La investigación que hoy apreciamos es el resultado de una sucesión de artículos y crónicas de la época enlazados por una narración minuciosa que dibuja los más curiosos detalles para conformar una historia que atrae desde la primera lectura. No hay mejor título para este libro, es realmente una aventura la vivida por la artista en la Isla, en medio de una situación política amenazante, de un público no familiarizado con su arte, y de una prensa tajante, receptiva, hiriente, benévola, y cuantos adjetivos usemos para describir la variedad de miradas a la gran figura.
Francisco teje una maravillosa historia alrededor de la bailarina, lejana de preciosismos y de vocablos altisonantes, más bien hace uso de cuanto criterio pudo encontrar en tantos años de búsqueda para conformar su proyecto. Cuando se adentren en el texto comprobarán, como yo, la minuciosidad con la que expone, hasta el más pequeño recorte de periódico que ayude a completar una visión sobre la Pávlova.
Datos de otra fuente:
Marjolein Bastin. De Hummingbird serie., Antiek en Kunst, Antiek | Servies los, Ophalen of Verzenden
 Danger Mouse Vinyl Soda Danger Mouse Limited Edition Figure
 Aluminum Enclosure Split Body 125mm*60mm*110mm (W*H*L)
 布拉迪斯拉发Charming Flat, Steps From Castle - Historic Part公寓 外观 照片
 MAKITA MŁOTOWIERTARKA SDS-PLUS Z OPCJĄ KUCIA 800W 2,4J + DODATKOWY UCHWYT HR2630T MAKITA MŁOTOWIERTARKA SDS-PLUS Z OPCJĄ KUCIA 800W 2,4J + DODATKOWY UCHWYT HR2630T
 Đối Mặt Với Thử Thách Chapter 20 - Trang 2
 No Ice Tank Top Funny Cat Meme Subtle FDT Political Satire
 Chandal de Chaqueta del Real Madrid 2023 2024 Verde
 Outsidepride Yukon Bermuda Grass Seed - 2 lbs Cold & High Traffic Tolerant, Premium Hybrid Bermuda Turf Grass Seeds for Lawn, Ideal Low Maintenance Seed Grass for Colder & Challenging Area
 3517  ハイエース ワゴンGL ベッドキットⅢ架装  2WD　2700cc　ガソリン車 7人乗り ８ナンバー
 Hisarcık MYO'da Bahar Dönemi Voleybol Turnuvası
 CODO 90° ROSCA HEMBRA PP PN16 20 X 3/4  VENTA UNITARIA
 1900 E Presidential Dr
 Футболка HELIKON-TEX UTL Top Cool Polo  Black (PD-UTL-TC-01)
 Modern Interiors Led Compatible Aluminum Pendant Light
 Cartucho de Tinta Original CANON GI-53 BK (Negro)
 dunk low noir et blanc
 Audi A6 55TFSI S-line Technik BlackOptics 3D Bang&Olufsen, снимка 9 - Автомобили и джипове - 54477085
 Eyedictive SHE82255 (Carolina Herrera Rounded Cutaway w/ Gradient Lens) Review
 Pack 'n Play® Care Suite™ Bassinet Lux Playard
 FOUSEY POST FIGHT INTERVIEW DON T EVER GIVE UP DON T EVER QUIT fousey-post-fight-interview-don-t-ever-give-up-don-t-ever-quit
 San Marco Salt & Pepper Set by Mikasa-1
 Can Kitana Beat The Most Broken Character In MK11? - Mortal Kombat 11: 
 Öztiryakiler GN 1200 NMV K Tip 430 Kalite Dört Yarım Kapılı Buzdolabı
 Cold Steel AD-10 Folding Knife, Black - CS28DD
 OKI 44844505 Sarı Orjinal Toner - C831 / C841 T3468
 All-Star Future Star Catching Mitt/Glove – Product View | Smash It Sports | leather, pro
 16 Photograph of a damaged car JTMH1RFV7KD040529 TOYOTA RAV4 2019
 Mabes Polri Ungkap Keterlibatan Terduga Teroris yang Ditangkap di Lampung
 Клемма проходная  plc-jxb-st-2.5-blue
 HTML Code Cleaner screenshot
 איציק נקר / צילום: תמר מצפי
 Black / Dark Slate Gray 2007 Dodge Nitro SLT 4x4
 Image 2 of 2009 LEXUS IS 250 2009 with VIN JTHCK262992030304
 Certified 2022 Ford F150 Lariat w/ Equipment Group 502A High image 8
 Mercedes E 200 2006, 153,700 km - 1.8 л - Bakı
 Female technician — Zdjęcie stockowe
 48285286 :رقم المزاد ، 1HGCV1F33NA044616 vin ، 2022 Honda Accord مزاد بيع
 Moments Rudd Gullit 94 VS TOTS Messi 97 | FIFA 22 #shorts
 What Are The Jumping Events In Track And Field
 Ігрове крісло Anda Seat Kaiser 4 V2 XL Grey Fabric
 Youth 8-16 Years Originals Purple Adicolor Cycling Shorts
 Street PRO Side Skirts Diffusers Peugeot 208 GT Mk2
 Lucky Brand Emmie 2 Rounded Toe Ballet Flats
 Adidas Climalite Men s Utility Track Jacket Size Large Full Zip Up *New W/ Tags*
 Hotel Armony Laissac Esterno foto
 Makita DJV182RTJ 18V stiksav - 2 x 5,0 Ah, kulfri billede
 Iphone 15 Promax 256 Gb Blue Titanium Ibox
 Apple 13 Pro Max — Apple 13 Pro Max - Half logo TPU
Y es que creo que esa es una de las virtudes del libro: ubicar al lector en un contexto amplio y diverso, con toda la información a la mano, para que sea capaz de comprobar la grandeza y la importancia no solo que representó para Cuba la visita de la artista, sino también para quienes la acompañaban, para ella misma, y, sobre todo, para la Historia. Y luego, a este tejido, Francisco suma el repertorio de la compañía, sí, el repertorio, lo halla en programas de mano, anuncios, periódicos…, y valoraciones, entrevistas, evocaciones, poemas… que nos muestran a la Pávlova en sus más controversiales situaciones: en un taller de ropa de la calle Compostela, o tras su perro Poppy, por quien El Mundo publicara el titular «La vieja Habana. El perro de la Pávlowa», o ante los tres días en el tren demorado de Santiago a La Habana gracias a las acciones de los huelguistas. Y bajo las deslumbradas miradas de Renée Méndez Capote y Alejo Carpentier, o bajo los versos de Regino Boti, en su interpretación de La libélula, entre muchos otros.
Las 310 notas de autor (una locura para cualquier editor) que acompañan al texto son un texto en sí, la hipertextualidad nos complementa y nos sitúa en un mejor escenario. Francisco dialoga todo el tiempo, afirma, niega, rebate. Sus notas son paratexto que merecen ser estudiadas aparte. Las 161 imágenes de autógrafos, caricaturas, anuncios, retratos…, iluminan, como nadie a la Pávlova en toda su dimensión. Admirarla a través de ese abanico es un deleite. Y como el libro es digital, lejos de menospreciarlo por la añoranza del olor del papel, o el sentir su peso en nuestras manos, nos permitirá recorrerlo cual mapa trazado, volver de un punto a otro sin esfuerzo, buscar, indagar, agrupar nombres, lugares a través de los marcadores, y acomodarlo a nosotros, para que también nos hable.
Termino, con la misma emoción que Alejo Carpentier en La consagración de la primavera, uno de los fragmentos aquí recogido que mejor describe a la Pávlova, al decir: «en pocos segundos entendimos lo que podía ser bailar en un ámbito trascendido por la forma, situado más allá del baile. Y era moverse por el tablado de la escena sin tocar el tablado de la escena, salvo por unas diminutas puntas que apenas si rozaban el suelo, alzando un estremecido cuerpo (…). Cantaba el violoncello, allá abajo, entre las sombras de la fosa (…), y aquella mujer-ave, intangible, inalcanzable, vivía como en soledad, como si nadie la mirara, el drama de su propia muerte (…). Olvidados de todo, movidos por una emoción visceral, traída por el distanciamiento auténtico de lo que era teatro, aplaudíamos, aclamábamos, (…) exigiendo que la cortina se abriera una y otra vez, y viésemos reaparecer, en flexión de humilde reverencia, a quien acabó por señalar a su violloncellista, como si él hubiese sido el hacer del milagro cada noche renovado», aplaudíamos a Ana, Francisco, yo, todos.